Aim of the task →
Although the records contain pictures, none belong in the copy: restate word for word only the lines from the one with "5 layer practical" through the one with "SPORT ESSENTIALS 2-IN-1 SHORT Smeđa", both included.
== Data under study
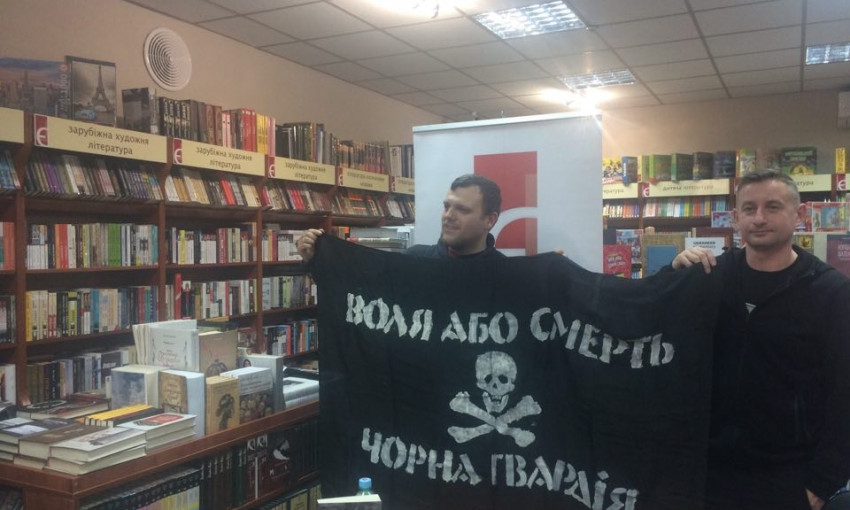 Известный писатель в Запорожье: «Люди устали от войны» (ФОТО)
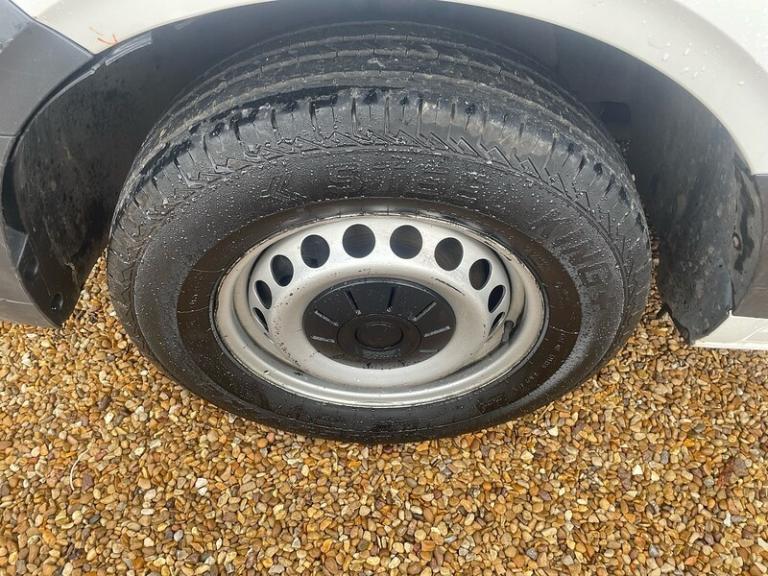 2022 Volkswagen Crafter 2.0 TDI CR35 Startline L3 LWB DROPSIDE - WHITE Dropside Diesel Manual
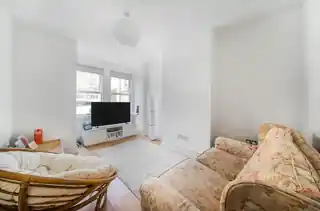28 Little Roke Avenue, photo 2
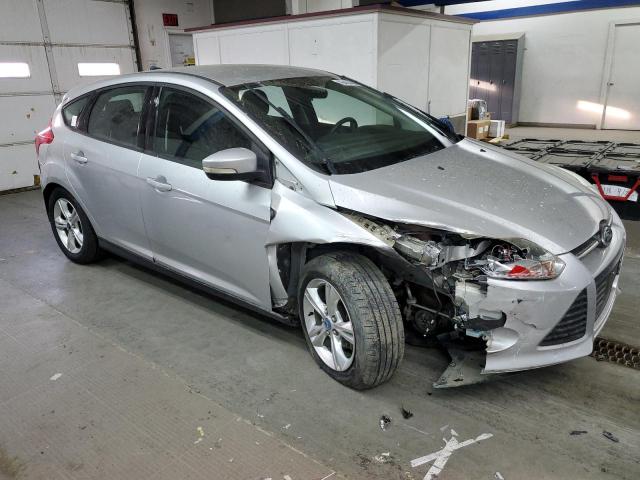 1FADP3K24DL186181 - 2013 FORD FOCUS SE SILVER photo 4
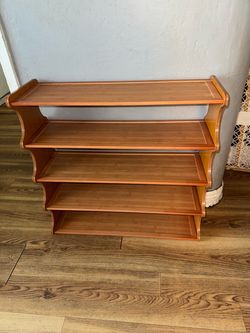 5 layer practical storage rack, shoe rack, space-saving design, multi-layer independent storage rack, wood grain finish, easy to assemble, self-suppor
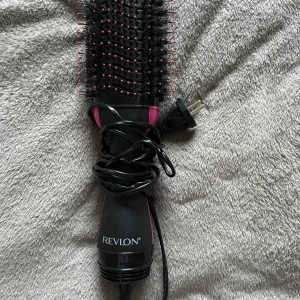 Revelon värme borste - Jag säljer min Revelon värmeborste då den knappt kommer till användning, och jag inte tycker om resultatet på min hårtyp. Många av mina vänner har testat denna och fått ett superfint resultat men den passar tyvärr inte just mig.💕Lådan slängdes nys 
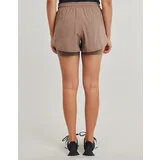SPORT ESSENTIALS 2-IN-1 SHORT Smeđa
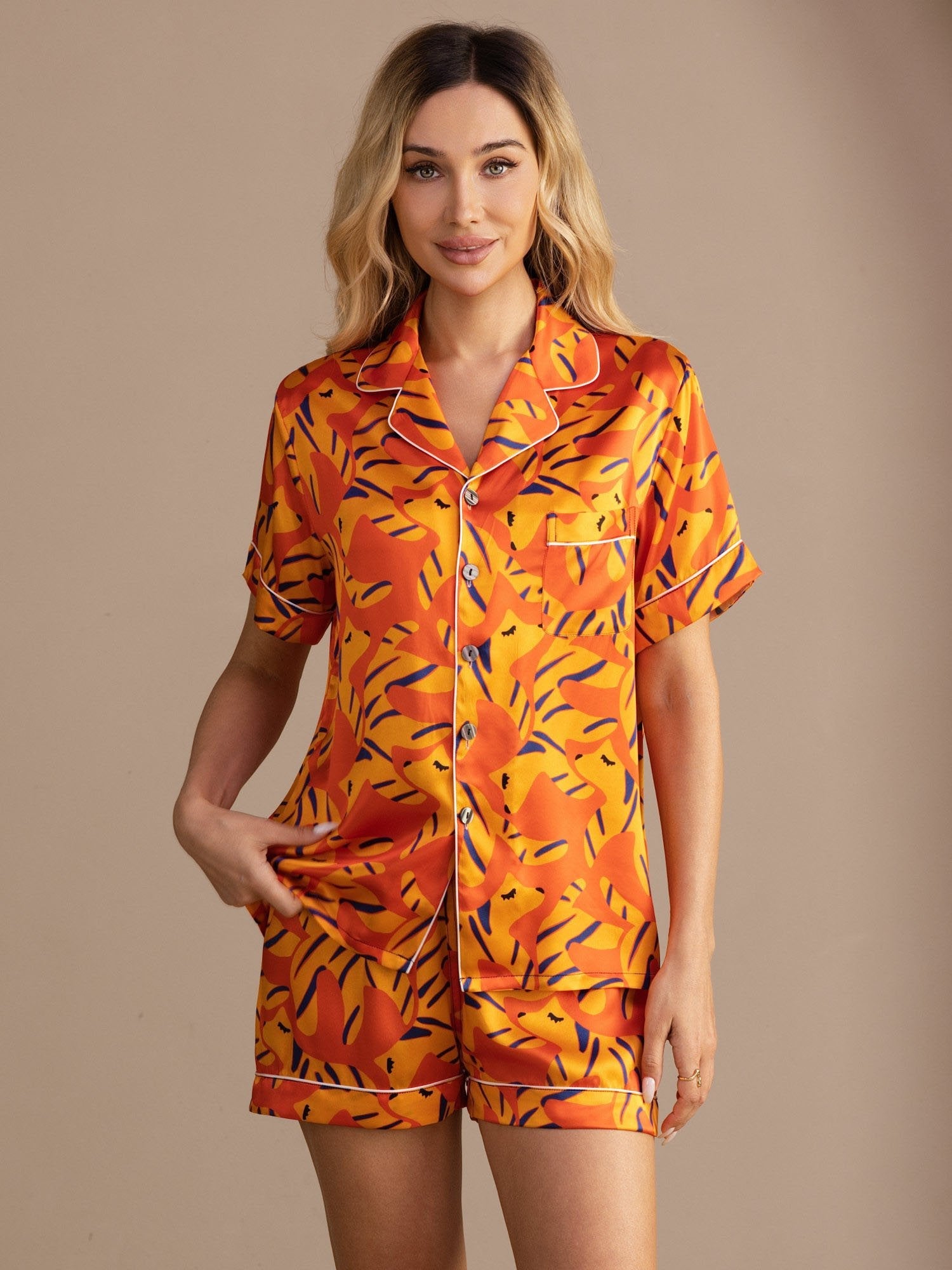 [كلب برتقالي] SilkSilky-SA Short Sleeve Lapel Collar طقم بيجامة نسائي 001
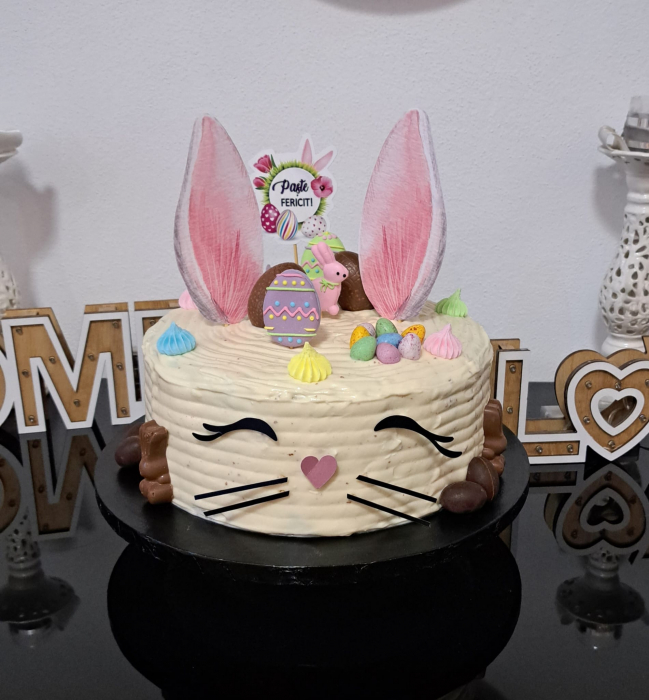 Toppere de tort personalizat cu cap de iepuras cu ochi nas si urechi [8]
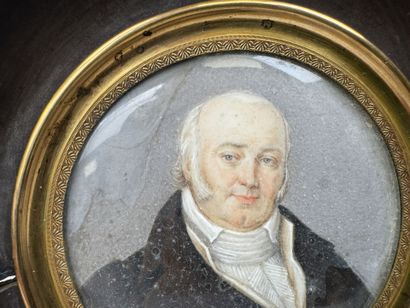 École, XIXe.
Homme à la lavallière.
Miniature...
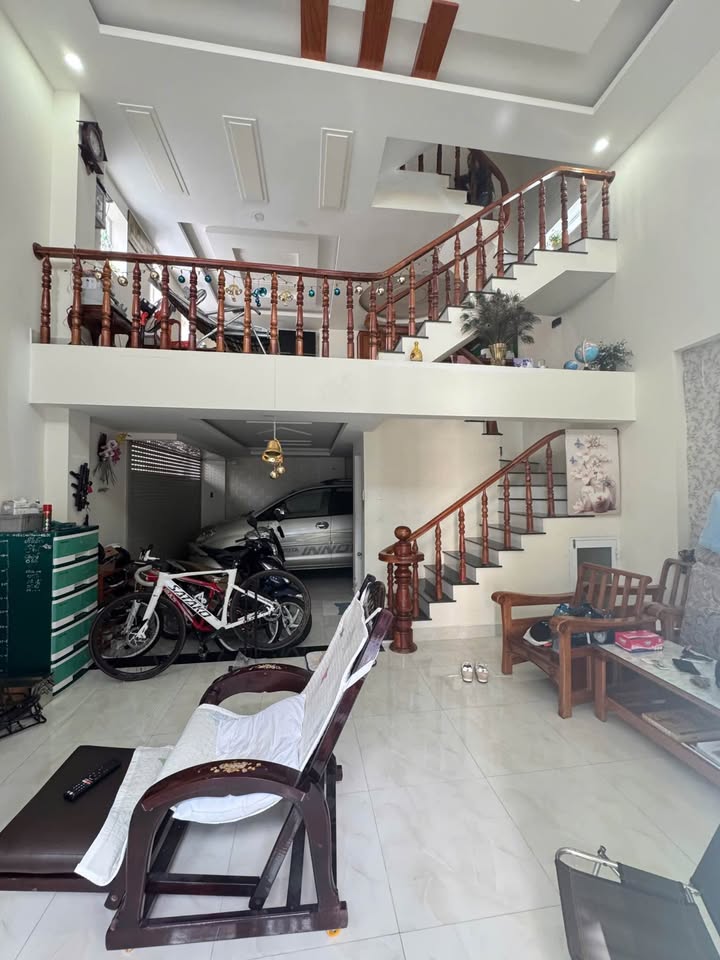 Nhà 3 lầu góc 2 mặt tiền hẻm ô tô tránh nhau đường Lê Phụng Hiểu, Vũng Tàu 51m² giá 7.2 tỷ - Không thể bỏ lỡ!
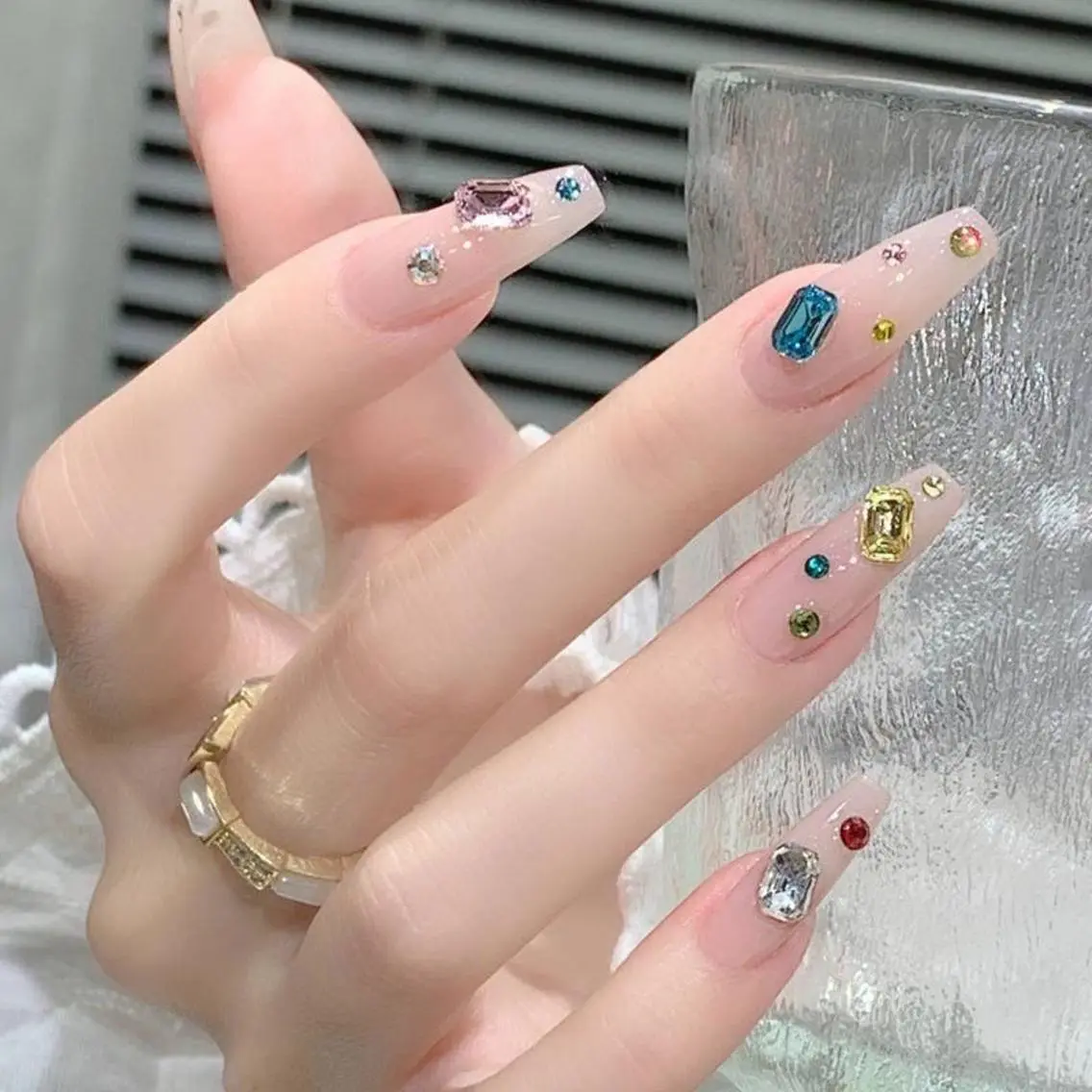 ネイル ハンドネイル lucky シュウのネイルデザイン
====
Written reply →
 5 layer practical storage rack, shoe rack, space-saving design, multi-layer independent storage rack, wood grain finish, easy to assemble, self-suppor
 Revelon värme borste - Jag säljer min Revelon värmeborste då den knappt kommer till användning, och jag inte tycker om resultatet på min hårtyp. Många av mina vänner har testat denna och fått ett superfint resultat men den passar tyvärr inte just mig.💕Lådan slängdes nys 
SPORT ESSENTIALS 2-IN-1 SHORT Smeđa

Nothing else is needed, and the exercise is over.